According to representatives on both sides, the FMCT would lease out Heritage Hall, which is currently used for exhibits. The move would give Moorhead another tenant in the Hjemkomst Center, 202 First Ave. N., and give FMCT a new home with benefits.
“I’d heard FMCT was looking for a new home and I thought this would be unique space,” Moorhead Mayor Shelly Carlson says.
“What an amazing idea. It’s so iconic,” says Judy Lewis, executive director of the FMCT. “It’s so exciting.”
Lewis says the call came on Valentine’s Day, less than a week after Carlson was sworn in as mayor. Heritage Hall would be set up with a stage at either end of the room — a bigger one for FMCT productions, and a smaller stage on the opposite end for smaller community shows, like intimate concerts, plays or readings.
The need for a new space was prompted by a structural fault in the FMCT’s roof, found in December 2019, that prompted an evacuation of the Island Park facility. FMCT leaders planned to use the repair time for a larger renovation, including possibly expanding the theater’s footprint into the park, but a drawn-out fight with its insurance company over a settlement has left any developments stalled.
Lewis says she’s waiting on a final ruling from the insurer to come at the end of April, after which she will approach donors to see what their final budget will be and decide which facility will be the focus. The FMCT board of directors already voted in favor of moving to the Hjemkomst.

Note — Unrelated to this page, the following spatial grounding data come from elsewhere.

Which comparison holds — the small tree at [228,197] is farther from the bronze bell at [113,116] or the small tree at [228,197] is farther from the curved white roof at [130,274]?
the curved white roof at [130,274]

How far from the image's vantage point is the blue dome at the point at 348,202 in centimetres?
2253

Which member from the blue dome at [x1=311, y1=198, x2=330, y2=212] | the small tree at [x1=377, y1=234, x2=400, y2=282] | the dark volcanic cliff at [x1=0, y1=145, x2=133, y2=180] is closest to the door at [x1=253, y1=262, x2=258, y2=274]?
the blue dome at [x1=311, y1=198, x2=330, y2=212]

If the judgment is substantial, Lewis said FMCT would seek potential donations to renovate and make the Island Park space home for main productions and use Heritage Hall in Moorhead as a black box — or experimental — theater, as well as for kids’ and educational performances.
“That is just a giant win for all of Fargo-Moorhead,” Lewis says.

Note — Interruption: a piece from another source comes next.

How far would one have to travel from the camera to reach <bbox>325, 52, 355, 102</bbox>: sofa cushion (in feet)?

If a smaller judgment is awarded, FMCT would move its main shows to the Hjemkomst. She plans to walk through the space on Tuesday, April 20, with electricians to make sure Heritage Hall could provide the power needed for productions.

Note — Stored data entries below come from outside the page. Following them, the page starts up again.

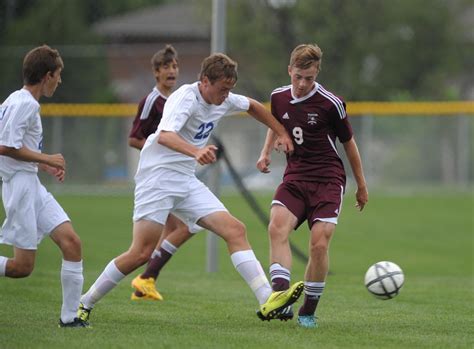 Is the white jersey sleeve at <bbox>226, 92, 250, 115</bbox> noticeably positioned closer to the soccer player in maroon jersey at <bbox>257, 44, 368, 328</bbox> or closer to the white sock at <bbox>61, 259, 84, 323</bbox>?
the soccer player in maroon jersey at <bbox>257, 44, 368, 328</bbox>

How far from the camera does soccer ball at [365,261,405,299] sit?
26.2 feet

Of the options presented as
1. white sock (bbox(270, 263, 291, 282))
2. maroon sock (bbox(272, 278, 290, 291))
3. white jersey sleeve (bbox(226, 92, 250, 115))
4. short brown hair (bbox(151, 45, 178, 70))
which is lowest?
maroon sock (bbox(272, 278, 290, 291))

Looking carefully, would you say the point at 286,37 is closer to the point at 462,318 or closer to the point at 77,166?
the point at 77,166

Lewis says it will take $7.5 million just to get the Island Park venue a certificate of occupancy, and a larger renovation would cost $13 million. Plans to expand the building’s existing footprint into the park have been abandoned, but if FMCT stays at its current site, it would be required to pave a roadway around the building to provide access for emergency vehicles.
FMCT’s arrangement would be similar to the Historic and Cultural Society of Clay County, which is also housed in the Hjemkomst Center. FMCT would sign a lease, pay rent and cover expenses to make Heritage Hall a suitable theater space.
Heritage Hall, which is about 7,130 square feet, would hold about 300 seats with the potential to reconfigure to about 400. The smaller community stage would have seating for about 100. The current FMCT space in Island Park seats about 340.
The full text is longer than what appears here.